4. Ketersediaan fasilitas pendukung

Keberadaan online database harus didukung oleh ketersediaan fasilitas pendukung, misalnya jaringan internet apakah sudah tersedia, fasilitas komputer yang cukup memadai untuk mengakses database, dll.

5. Tingkat melek informasi dan teknologi pengguna

Kesiapan dari para pengguna juga perlu dipertimbangkan sebelum melanggan sebuah online database.  Apakah pengguna sudah melek teknologi, minimal dapat menggunakan komputer.  Disamping itu, pengguna juga perlu sedikit mengetahui strategi penelusuran informasi (melek informasi).  Jika kedua hal ini sudah dapat dipenuhi, tidak ada salahnya perpustakaan melanggan online database.

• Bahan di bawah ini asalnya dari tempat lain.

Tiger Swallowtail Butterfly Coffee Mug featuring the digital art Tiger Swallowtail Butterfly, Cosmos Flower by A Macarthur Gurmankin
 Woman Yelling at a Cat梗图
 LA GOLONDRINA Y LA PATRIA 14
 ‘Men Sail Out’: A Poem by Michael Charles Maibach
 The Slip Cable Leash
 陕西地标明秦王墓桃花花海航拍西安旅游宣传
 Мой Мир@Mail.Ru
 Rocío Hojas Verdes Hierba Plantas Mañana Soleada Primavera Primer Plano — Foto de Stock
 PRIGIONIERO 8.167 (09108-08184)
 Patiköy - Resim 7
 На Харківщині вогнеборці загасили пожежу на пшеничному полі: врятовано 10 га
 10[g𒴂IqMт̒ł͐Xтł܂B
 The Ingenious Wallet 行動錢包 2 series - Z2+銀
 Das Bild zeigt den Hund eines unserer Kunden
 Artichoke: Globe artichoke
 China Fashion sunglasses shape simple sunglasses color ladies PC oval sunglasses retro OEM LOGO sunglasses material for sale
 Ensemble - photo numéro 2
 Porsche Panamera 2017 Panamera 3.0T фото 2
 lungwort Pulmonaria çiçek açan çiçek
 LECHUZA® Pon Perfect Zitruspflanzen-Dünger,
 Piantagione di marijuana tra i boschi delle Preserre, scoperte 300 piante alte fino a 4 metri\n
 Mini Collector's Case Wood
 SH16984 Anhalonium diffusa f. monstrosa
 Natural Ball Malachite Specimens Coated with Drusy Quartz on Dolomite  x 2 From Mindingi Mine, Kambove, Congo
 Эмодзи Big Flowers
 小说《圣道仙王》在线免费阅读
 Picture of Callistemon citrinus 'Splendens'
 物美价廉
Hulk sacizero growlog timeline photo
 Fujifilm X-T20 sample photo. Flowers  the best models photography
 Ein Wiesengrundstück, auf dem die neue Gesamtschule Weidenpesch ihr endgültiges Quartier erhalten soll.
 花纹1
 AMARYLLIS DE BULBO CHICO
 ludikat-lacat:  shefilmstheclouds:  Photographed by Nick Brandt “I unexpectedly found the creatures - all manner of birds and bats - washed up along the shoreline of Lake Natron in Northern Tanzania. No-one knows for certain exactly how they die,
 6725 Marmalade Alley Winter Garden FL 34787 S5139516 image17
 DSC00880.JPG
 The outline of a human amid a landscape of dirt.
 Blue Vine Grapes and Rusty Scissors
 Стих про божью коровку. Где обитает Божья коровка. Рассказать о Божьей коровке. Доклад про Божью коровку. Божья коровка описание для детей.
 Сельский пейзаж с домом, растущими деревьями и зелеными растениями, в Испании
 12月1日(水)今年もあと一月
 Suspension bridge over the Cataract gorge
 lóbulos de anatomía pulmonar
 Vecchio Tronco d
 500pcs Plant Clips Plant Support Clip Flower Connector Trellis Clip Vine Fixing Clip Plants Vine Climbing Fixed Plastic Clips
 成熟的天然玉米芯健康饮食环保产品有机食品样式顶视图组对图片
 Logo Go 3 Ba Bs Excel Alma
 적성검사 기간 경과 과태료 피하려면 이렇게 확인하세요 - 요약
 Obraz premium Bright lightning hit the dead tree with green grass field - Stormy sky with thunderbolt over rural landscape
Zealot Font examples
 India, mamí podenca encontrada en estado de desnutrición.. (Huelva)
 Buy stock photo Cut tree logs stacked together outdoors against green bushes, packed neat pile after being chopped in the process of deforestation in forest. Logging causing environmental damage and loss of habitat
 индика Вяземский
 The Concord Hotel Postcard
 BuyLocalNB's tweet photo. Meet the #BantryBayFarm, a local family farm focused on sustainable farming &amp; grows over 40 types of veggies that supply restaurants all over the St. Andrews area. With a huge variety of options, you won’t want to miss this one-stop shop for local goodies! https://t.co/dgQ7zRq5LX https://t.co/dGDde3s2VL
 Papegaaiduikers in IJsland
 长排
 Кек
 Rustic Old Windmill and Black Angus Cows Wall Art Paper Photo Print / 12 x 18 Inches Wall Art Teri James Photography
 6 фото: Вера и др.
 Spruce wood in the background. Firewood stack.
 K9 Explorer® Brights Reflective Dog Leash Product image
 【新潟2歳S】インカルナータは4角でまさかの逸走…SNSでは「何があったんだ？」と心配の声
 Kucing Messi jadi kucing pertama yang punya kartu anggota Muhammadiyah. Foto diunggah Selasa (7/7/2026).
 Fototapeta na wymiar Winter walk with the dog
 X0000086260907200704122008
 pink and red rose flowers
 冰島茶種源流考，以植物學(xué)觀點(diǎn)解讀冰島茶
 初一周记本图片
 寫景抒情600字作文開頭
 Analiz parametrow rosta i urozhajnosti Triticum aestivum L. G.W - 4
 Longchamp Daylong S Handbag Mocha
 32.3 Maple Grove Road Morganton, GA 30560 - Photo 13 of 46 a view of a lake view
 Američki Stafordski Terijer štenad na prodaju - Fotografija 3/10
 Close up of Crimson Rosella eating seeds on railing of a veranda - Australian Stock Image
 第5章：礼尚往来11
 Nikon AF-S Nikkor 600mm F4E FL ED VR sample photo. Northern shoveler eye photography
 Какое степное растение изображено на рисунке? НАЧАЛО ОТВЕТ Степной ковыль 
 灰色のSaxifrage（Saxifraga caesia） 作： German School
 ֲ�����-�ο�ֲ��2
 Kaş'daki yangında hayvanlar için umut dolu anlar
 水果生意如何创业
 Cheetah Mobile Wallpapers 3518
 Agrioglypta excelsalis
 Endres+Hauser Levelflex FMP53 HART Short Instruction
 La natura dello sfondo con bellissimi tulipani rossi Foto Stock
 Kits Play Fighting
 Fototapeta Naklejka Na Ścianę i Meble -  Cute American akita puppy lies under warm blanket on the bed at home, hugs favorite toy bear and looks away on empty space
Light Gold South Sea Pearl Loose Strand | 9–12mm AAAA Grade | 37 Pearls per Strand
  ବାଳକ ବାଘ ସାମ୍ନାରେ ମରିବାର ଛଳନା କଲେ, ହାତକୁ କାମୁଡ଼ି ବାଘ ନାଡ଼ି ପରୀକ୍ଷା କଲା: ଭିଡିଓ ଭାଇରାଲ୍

Disamping ke-lima hal diatas, pustakawan pengadaan juga perlu melakukan seleksi dan evaluasi terhadap kandungan informasi, fitur, kemudahan akses, layanan purna jual dari vendor online database yang hendak dilanggan.

Dokumentasi Koleksi Lokal


Seperti dijelaskan diatas bahwa kemudahan akses informasi pada era digital ini juga memberi peluang kepada perpustakaan perguruan tinggi sebagai produsen informasi dengan menyebarkan karya yang dihasilkan oleh sivitas akademika secara luas.  Hal ini tentu saja dapat meningkatkan citra institusi induk.

Perpustakaan perguruan tinggi dapat menggali informasi lokal yang dimiliki Universitas untuk disajikan secara digital kepada masyarakat sebagai sumber pembelajaran, sarana edukasi bagi masyarakat untuk menghargai milik sendiri, dan memperkaya khasanah budaya lokal.

Koleksi lokal yang paling banyak dihasilkan universitas adalah Tugas Akhir mahasiswa.  Hampir setiap semester, perpustakaan menerima Tugas Akhir mahasiswa, dan koleksi ini pasti akan bertambah banyak seiring dengan pertambahan waktu.

Digitalisasi Tugas Akhir merupakan pilihan yang mau tidak mau harus diambil oleh Perpustakaan Perguruan Tinggi. Disamping keterbatasan ruang, digitalisasi Tugas Akhir memberi nilai tambah tersendiri bagi perpustakaan.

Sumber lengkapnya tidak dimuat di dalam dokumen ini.